WHAT THE TASK ASKS ->
Find every line in the entries that holds the string "with" and report it.

START GIVEN RECORDS

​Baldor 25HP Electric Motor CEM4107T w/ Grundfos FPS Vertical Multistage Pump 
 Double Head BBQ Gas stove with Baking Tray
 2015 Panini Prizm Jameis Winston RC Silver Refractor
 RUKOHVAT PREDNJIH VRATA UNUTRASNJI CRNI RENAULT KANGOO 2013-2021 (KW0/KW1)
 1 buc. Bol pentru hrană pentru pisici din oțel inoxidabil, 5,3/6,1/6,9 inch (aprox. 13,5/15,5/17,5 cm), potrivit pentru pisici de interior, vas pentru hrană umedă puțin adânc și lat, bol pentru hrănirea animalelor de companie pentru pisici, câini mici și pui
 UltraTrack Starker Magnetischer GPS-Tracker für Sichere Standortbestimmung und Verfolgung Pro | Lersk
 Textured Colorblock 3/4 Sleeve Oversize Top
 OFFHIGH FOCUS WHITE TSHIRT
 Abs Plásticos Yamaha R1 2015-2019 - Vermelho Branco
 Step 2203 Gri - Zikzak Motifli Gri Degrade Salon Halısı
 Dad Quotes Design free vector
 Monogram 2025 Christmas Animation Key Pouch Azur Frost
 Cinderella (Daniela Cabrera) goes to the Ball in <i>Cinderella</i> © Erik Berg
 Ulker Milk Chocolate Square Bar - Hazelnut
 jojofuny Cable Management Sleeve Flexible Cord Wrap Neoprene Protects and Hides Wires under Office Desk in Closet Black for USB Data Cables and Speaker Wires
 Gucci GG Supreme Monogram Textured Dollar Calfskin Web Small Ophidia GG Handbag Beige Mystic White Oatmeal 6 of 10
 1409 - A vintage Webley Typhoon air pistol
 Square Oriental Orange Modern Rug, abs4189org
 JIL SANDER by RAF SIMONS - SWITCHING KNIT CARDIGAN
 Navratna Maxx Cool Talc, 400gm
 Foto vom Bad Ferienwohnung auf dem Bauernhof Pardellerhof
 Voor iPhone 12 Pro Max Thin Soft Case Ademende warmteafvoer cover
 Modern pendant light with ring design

END GIVEN RECORDS

TASK ANSWER ->
 Double Head BBQ Gas stove with Baking Tray
 Modern pendant light with ring design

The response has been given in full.